同じ更新料でも
賃借建物の更新の場合の支払更新料は、税法上の繰延資産として、5年もしくは賃借期間で償却するものとされています。
20万円未満であれば少額繰延資産として一時の費用とすることも出来ます。
同じ更新料でも、借地権に係る更新料は、全く損金算入できせん。
10万円未満であっても、資産計上し、借地権価額に単純加算しなければなりません。
借地権は税法では土地と同じものとして扱われ、非減価償却資産とされているからです。
既存簿価の償却計算
(借地権の更新前の帳簿価額×更新料÷更新時の借地権の時価)
この算式は、「借地権の権利が経年劣化したので、権利を保全するためには更新料を払ってそれを補完しなければならなくなった」との考えの上で、「補完としての更新料は、追加払いの借地権代金としてそのまま資産計上するが、経年劣化した既存の借地権簿価の一部分は、すでに権利を主張する裏付けを失ったものとして資産性を否認して損金算入する」というような理屈を表現したものと推測されます。
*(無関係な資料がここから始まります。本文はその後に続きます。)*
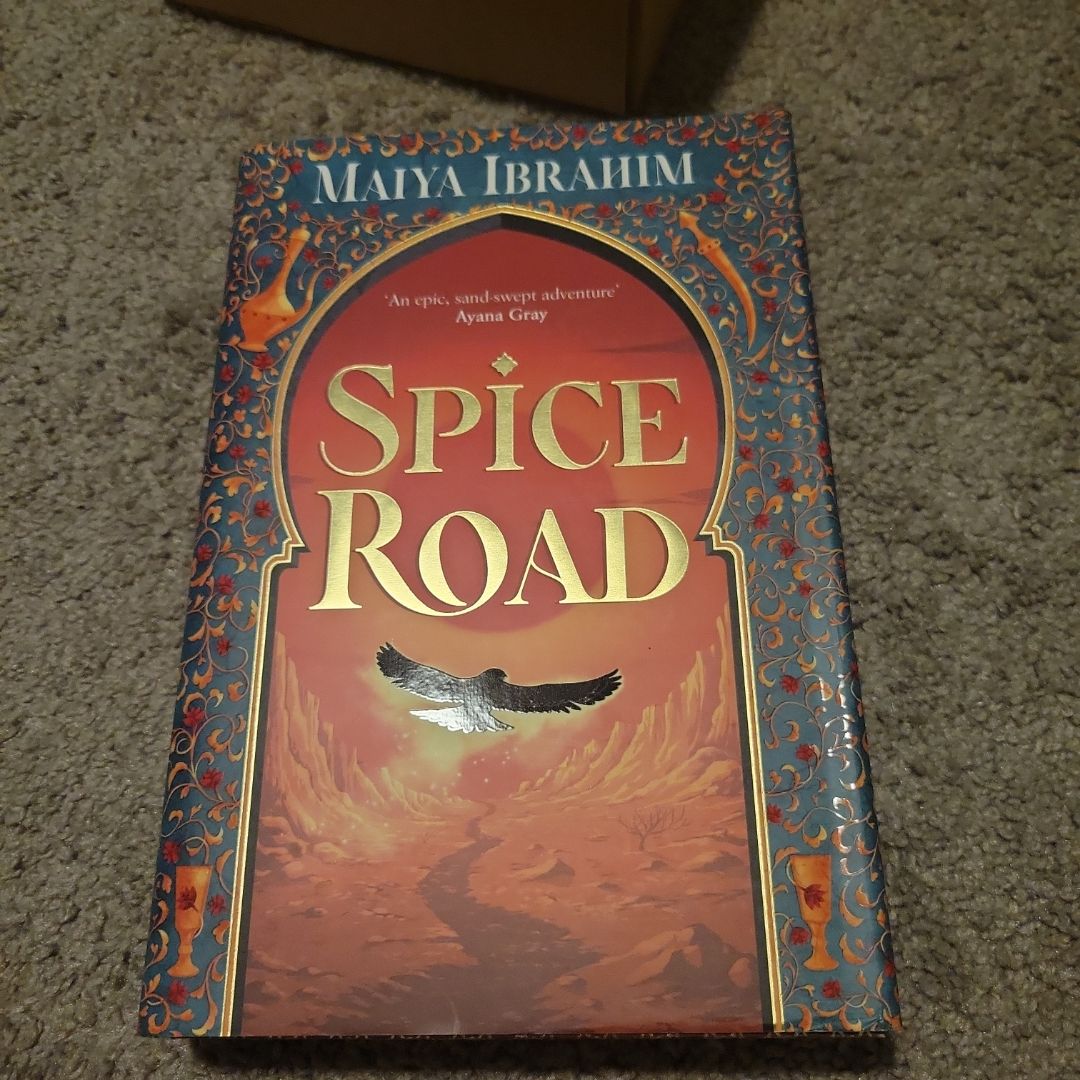 Spice Road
借地権時価に変動がなく、時価と簿価が同じだったら、更新料相当額が簿価劣化額として損金算入です。
更新料の何倍もの損金算入もアリ
バブル時の借地取得で、更新時では底値だったような場合、時価が1/2、1/3に下落していたら、「更新料×(更新前簿価÷更新時時価)」と算式を変形してみると明かなように、支払更新料の何倍もの損金算入額が計算されることになります。
こんなことは、賃借建物の更新料の場合ではあり得ないことで、不思議な印象が残ります。
法令上の強行規定
この算式による借地権の更新時取り扱いは、通達ではなく、法令にきちんと規定されているものです。
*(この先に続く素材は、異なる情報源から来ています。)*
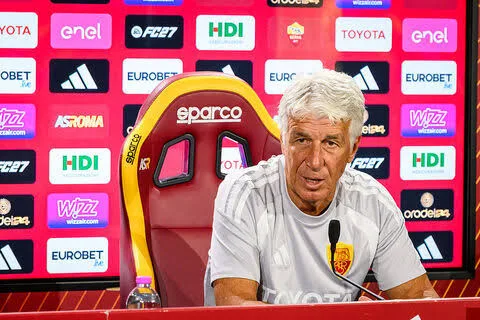 LIVE - La conferenza stampa di Gasperini in vista del Torino: a breve l'inizio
また、減価償却や繰延資産償却の規定と異なり、損金経理の要件はなく、「できる」規定でもなく「損金の額に算入する」との、任意性のない強行規定になっています。
従って、損金算入額は更新時に一時に全額であり、別表の上だけでの損金算入も可であり、損金処理漏れは法令違反なので、更正処分や更正の請求の対象でもあります。